Write out every line of the material as it stands, apart from the pictures.

* _The data_:

>>>

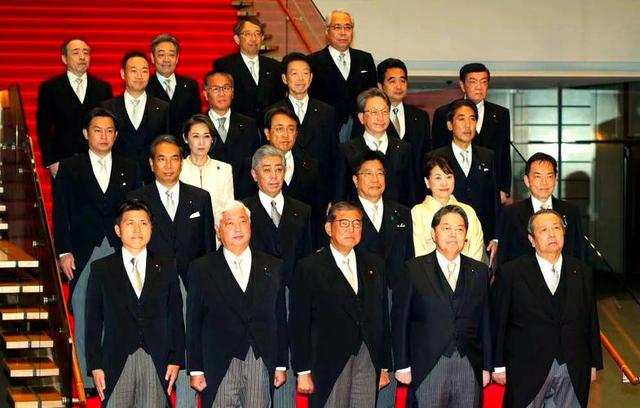 大选还没开始，日本迎来重大噩耗	，高市提辞职条件，离下台不远了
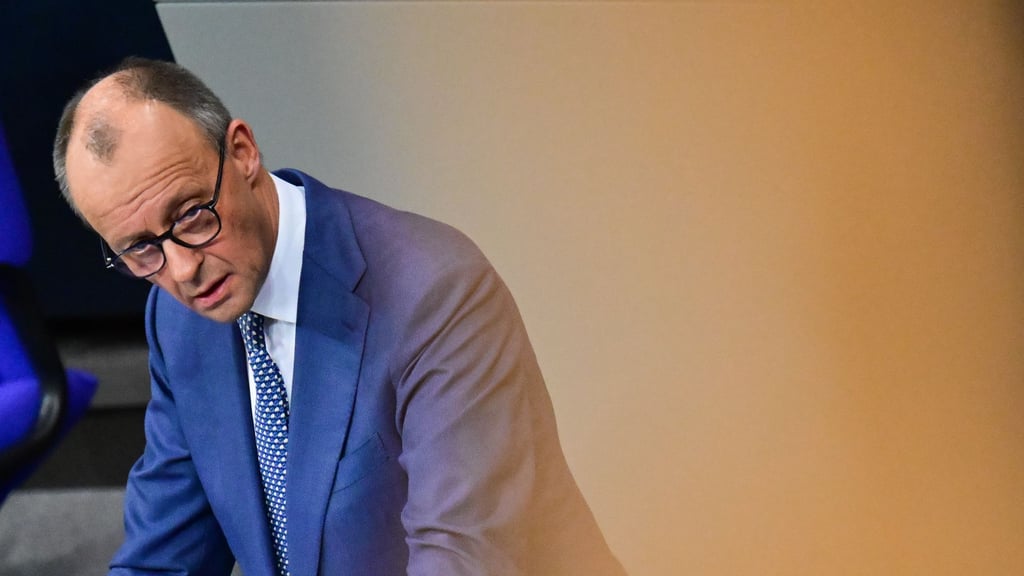 Kanzler Friedrich Merz (CDU) wirbt in seiner Regierungserklärung im Bundestag für die Zustimmung seiner EU-Kolleginnen und -Kollegen zur Nutzung des eingefrorenen russischen Staatsvermögens zu Gunsten der Ukraine.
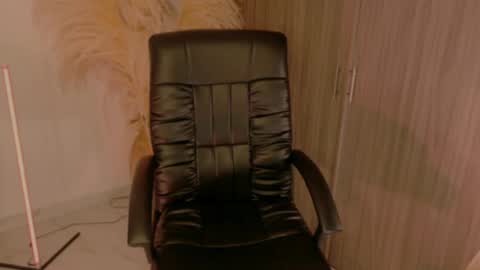 Lindsey Moss online show from 10, 3, 2026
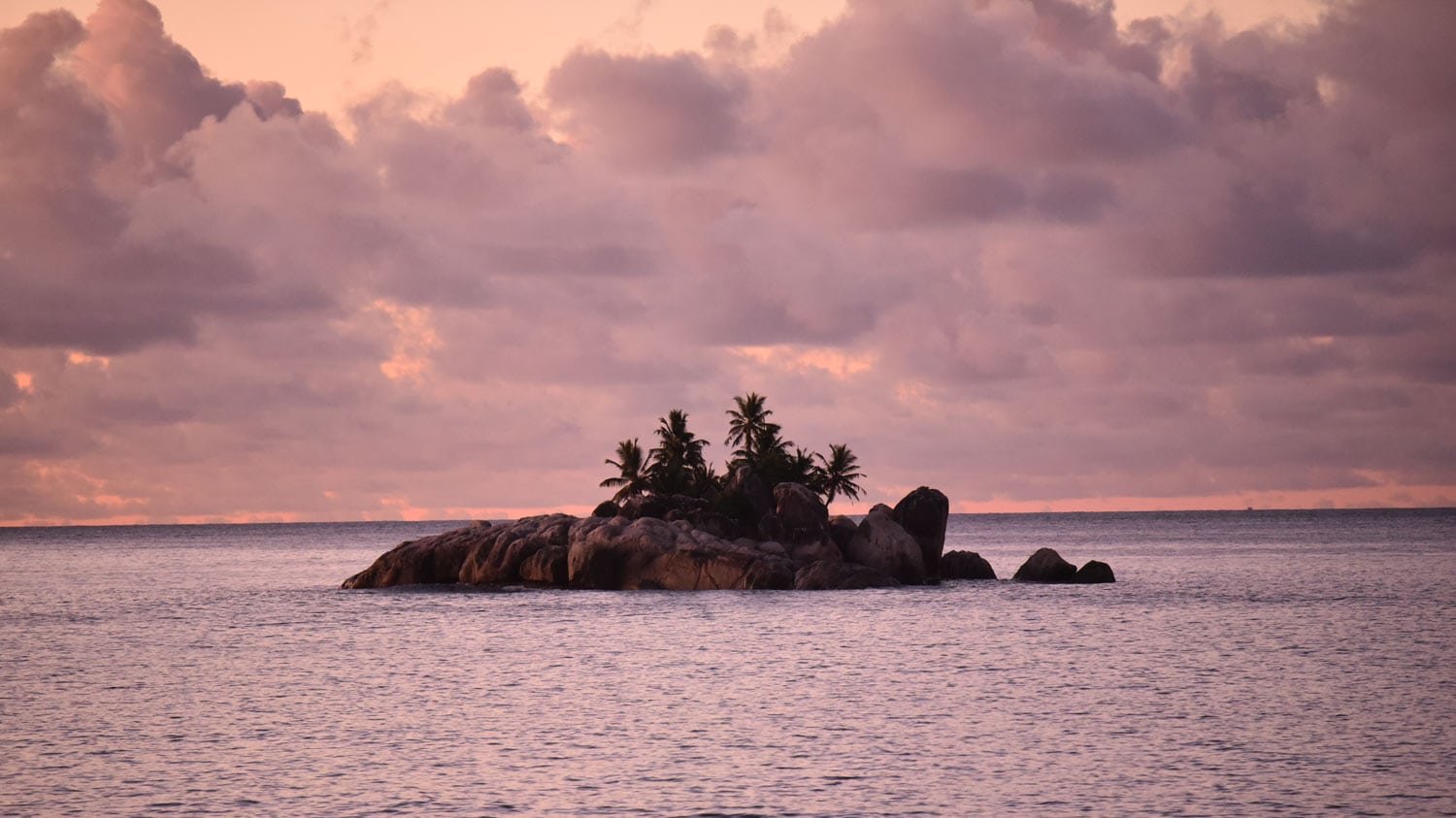 Pink L'lot Island Seychelles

<<<

* _Your response_:
 大选还没开始，日本迎来重大噩耗	，高市提辞职条件，离下台不远了
 Kanzler Friedrich Merz (CDU) wirbt in seiner Regierungserklärung im Bundestag für die Zustimmung seiner EU-Kolleginnen und -Kollegen zur Nutzung des eingefrorenen russischen Staatsvermögens zu Gunsten der Ukraine.
 Lindsey Moss online show from 10, 3, 2026
 Pink L'lot Island Seychelles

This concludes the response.